• [Work instructions] Only the line containing "this 600×450 image." and the lines after it, through the end of the entries, should be output exactly.

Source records
========================
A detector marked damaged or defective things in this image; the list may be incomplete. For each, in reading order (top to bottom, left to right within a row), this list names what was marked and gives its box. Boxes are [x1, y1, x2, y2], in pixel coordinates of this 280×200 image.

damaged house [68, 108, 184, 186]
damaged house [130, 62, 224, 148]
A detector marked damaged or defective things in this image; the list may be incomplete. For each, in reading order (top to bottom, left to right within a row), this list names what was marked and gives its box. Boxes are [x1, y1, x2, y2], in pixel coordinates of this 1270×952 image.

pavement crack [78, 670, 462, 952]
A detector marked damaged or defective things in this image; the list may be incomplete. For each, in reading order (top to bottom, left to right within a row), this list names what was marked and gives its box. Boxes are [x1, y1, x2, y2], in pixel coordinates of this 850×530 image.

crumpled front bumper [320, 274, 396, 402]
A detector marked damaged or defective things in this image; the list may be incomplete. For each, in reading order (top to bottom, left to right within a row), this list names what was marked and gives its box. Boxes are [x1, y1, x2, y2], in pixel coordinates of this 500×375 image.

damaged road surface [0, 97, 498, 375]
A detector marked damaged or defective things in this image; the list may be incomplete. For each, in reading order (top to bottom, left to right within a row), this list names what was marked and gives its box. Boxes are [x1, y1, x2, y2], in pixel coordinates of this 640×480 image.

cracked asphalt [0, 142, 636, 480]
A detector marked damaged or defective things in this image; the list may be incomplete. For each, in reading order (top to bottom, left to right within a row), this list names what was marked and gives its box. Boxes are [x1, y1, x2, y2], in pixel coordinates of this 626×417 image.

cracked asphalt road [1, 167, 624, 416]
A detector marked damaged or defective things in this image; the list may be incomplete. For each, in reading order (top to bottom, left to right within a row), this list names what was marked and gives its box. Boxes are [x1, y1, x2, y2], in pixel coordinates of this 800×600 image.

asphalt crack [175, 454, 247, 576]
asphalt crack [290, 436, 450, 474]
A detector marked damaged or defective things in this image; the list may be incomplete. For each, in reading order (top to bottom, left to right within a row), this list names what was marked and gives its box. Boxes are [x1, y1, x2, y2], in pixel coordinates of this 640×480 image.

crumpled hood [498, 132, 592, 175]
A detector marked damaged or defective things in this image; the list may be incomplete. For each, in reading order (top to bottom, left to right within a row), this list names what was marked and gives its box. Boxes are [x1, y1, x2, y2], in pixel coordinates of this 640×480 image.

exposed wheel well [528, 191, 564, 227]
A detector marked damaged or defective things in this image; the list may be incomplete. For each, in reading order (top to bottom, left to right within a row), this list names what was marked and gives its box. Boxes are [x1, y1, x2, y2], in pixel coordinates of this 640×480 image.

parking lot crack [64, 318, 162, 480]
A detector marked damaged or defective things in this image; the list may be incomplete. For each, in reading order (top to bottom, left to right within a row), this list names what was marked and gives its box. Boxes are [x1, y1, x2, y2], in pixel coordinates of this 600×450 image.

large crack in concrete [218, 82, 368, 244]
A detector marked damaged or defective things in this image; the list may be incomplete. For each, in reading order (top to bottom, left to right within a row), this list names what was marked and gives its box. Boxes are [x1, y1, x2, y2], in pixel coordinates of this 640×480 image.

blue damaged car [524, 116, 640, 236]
========================
• [Response below]
A detector marked damaged or defective things in this image; the list may be incomplete. For each, in reading order (top to bottom, left to right within a row), this list names what was marked and gives its box. Boxes are [x1, y1, x2, y2], in pixel coordinates of this 600×450 image.

large crack in concrete [218, 82, 368, 244]
A detector marked damaged or defective things in this image; the list may be incomplete. For each, in reading order (top to bottom, left to right within a row), this list names what was marked and gives its box. Boxes are [x1, y1, x2, y2], in pixel coordinates of this 640×480 image.

blue damaged car [524, 116, 640, 236]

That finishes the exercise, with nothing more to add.